“Being women makes us better equipped to adapt to change”

Kate Hoare, winner of the Women in Ag Awards 2023, Trenance Dairy, Tideford (Cornwall, UK)

 

In her mid-thirties, Kate Hoare decided to go for a career as a full-time dairy farmer. A farmer’s daughter, her choice to take over her dad’s milk contract and start her own farm with husband Kevin and their three children was definitely not what anyone expected. Today, Kate is running her own circular dairy operation in a sleepy Cornish village. Her innovative approach and the way she is setting an example for the younger generations of women in agriculture has earned her the Women in Ag Award in the category “Farmer” at Agritechnica in November, where we had the pleasure of meeting her and her family.

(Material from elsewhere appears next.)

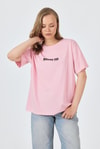 Kadın Tişört-Pembe Yazı Baskılı Pamuklu Oversize Tişört 2150-6M-rulem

Six years ago, Kate and her husband started the process for a farm tenancy. The initial idea was to give Kate the opportunity to stay on the farm and take care of the couple’s three children while Kevin worked out of the house.  “Dairy farming sucked me in” (laughs). Today, Kate and Kevin are the team behind Trenance Dairy.

Land availability

“It is very difficult to get land in the UK”, Kate explains. “We knew we wanted to build our own farm, and here that means you need to get a tenancy. Land is hard to come by, especially since established farmers are always looking to get more land around their farms to expand their operation, so for us to farm a tenancy was our only otion as land prices are steep. We started the selection process six years ago and are now renting 134 acres from Cornwall county farms and another 80 acres from private land owners. I bought my dad’s cows and took over his milk contract with Arla (a well-known northern European farmer-owned mil cooperation, red.). That was not quite what he expected, it’s usually the son who takes over the farm, but my brother is not interested in milking. He is still taking over the parental farm but will focus on machinery and arable farming, while I do my own thing.”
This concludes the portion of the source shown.